_TASK_. Every line in the records below between the one holding "Celebrating 25 Years of DRICORE" and the one holding "Natural Ways to", inclusive, is to be set down exactly; all other lines are to be left out.

--- SUPPLIED RECORDS Enclosed Below ---

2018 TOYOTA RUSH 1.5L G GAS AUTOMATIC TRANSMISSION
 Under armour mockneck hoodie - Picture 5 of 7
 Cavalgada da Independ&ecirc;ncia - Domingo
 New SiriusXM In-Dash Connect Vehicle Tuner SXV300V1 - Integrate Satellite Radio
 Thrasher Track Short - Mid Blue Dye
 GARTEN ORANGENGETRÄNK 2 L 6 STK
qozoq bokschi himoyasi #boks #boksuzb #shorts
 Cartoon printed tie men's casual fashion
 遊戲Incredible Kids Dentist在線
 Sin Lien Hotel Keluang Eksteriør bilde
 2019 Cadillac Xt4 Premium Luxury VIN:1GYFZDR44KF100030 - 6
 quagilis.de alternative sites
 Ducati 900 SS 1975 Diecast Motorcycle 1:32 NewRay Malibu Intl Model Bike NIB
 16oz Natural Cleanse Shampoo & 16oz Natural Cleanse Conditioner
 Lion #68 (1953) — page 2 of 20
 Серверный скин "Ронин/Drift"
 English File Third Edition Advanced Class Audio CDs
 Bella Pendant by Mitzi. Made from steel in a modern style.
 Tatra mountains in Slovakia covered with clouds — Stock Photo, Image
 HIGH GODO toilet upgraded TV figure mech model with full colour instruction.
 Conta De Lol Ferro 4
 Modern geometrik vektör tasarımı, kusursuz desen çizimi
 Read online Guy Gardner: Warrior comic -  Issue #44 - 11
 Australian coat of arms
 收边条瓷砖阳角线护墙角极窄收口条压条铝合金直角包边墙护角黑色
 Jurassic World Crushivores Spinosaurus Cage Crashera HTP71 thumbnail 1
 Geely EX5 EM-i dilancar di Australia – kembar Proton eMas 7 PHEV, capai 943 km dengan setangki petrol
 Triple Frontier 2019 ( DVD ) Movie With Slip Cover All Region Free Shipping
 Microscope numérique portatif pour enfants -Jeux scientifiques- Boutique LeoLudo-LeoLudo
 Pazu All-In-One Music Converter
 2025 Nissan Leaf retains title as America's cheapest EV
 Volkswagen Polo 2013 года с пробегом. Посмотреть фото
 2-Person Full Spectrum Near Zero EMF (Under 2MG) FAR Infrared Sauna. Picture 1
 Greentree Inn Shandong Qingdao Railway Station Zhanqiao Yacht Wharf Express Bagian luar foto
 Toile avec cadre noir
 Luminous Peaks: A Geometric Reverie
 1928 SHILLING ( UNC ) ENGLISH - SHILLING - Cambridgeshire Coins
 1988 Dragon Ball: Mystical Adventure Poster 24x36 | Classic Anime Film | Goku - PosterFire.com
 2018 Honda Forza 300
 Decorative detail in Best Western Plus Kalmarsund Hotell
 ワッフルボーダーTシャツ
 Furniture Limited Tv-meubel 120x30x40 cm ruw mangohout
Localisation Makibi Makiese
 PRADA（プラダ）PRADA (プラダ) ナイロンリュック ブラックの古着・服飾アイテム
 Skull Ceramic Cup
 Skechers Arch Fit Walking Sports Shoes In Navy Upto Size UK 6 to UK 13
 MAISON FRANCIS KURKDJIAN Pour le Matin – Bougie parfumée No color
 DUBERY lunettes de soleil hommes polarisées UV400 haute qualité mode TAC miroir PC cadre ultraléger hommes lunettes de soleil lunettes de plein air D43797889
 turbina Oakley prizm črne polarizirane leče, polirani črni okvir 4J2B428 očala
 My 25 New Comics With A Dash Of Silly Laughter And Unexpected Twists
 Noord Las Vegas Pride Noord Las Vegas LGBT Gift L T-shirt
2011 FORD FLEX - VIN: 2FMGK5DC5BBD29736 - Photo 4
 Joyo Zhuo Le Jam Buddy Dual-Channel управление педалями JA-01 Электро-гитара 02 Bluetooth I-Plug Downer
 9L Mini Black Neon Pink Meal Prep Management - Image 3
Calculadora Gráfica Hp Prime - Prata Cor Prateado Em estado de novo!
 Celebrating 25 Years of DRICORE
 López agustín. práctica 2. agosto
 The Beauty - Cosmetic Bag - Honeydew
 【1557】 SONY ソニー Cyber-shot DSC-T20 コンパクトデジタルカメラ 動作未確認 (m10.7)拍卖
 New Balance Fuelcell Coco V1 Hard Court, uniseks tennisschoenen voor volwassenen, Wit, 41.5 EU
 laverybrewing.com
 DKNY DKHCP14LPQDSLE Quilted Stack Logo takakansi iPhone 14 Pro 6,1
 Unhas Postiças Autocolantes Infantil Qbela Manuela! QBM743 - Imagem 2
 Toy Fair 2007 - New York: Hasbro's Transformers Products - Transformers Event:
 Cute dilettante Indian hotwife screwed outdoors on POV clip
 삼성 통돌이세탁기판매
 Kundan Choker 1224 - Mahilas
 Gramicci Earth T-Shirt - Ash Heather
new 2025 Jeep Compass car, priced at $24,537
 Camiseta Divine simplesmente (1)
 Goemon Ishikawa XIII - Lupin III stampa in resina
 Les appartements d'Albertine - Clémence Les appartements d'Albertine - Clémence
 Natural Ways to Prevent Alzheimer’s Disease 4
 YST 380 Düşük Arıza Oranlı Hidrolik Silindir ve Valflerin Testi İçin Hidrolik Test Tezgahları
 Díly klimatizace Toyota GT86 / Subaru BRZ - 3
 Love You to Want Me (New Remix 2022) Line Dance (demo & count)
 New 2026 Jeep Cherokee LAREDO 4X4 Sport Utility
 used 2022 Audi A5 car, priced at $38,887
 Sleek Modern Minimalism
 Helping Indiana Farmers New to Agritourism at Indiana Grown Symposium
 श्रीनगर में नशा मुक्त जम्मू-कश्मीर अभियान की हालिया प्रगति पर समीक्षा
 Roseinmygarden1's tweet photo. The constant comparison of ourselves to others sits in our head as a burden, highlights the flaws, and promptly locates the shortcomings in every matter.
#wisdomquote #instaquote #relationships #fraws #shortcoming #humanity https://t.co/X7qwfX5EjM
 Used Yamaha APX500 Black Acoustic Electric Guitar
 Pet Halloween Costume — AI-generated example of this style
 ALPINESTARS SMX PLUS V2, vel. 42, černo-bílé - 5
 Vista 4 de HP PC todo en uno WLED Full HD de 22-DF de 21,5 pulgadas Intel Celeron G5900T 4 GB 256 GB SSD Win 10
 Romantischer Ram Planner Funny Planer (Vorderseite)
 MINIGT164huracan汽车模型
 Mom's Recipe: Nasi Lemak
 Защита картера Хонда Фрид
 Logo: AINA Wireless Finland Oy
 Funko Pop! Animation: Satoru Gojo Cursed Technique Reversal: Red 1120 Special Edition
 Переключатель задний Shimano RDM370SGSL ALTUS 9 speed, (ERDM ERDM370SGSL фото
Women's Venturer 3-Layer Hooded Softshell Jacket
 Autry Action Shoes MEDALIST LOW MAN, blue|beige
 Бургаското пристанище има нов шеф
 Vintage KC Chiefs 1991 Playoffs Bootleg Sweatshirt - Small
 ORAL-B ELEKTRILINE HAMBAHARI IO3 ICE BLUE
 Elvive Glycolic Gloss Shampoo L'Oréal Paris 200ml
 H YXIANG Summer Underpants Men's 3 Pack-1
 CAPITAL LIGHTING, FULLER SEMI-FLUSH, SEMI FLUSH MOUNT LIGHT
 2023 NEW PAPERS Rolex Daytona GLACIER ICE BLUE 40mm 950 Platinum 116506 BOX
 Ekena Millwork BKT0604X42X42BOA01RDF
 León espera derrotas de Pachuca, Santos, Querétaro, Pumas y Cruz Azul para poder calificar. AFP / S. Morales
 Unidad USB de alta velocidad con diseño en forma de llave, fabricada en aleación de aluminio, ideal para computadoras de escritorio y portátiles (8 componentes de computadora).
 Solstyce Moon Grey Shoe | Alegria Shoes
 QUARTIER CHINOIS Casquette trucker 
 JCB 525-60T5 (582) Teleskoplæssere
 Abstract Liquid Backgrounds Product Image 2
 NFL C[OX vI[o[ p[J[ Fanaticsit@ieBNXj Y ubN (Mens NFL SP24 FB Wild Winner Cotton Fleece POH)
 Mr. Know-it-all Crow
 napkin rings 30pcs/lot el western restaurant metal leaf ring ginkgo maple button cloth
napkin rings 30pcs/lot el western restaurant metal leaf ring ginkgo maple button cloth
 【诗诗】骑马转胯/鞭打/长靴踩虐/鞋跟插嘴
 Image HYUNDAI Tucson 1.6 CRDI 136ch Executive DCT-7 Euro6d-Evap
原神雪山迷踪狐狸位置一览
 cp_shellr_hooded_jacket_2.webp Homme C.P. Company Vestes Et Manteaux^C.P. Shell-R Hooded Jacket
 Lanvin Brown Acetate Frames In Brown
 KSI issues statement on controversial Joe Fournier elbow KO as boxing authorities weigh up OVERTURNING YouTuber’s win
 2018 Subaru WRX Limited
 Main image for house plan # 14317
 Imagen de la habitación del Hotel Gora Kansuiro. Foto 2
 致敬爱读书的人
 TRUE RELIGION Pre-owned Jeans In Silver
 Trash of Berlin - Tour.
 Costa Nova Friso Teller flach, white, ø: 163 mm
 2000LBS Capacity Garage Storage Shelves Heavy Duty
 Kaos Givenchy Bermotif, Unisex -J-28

--- End of Enclosed SUPPLIED RECORDS ---

_OUTPUT OF THE EXERCISE_.
 Celebrating 25 Years of DRICORE
 López agustín. práctica 2. agosto
 The Beauty - Cosmetic Bag - Honeydew
 【1557】 SONY ソニー Cyber-shot DSC-T20 コンパクトデジタルカメラ 動作未確認 (m10.7)拍卖
 New Balance Fuelcell Coco V1 Hard Court, uniseks tennisschoenen voor volwassenen, Wit, 41.5 EU
 laverybrewing.com
 DKNY DKHCP14LPQDSLE Quilted Stack Logo takakansi iPhone 14 Pro 6,1
 Unhas Postiças Autocolantes Infantil Qbela Manuela! QBM743 - Imagem 2
 Toy Fair 2007 - New York: Hasbro's Transformers Products - Transformers Event:
 Cute dilettante Indian hotwife screwed outdoors on POV clip
 삼성 통돌이세탁기판매
 Kundan Choker 1224 - Mahilas
 Gramicci Earth T-Shirt - Ash Heather
new 2025 Jeep Compass car, priced at $24,537
 Camiseta Divine simplesmente (1)
 Goemon Ishikawa XIII - Lupin III stampa in resina
 Les appartements d'Albertine - Clémence Les appartements d'Albertine - Clémence
 Natural Ways to Prevent Alzheimer’s Disease 4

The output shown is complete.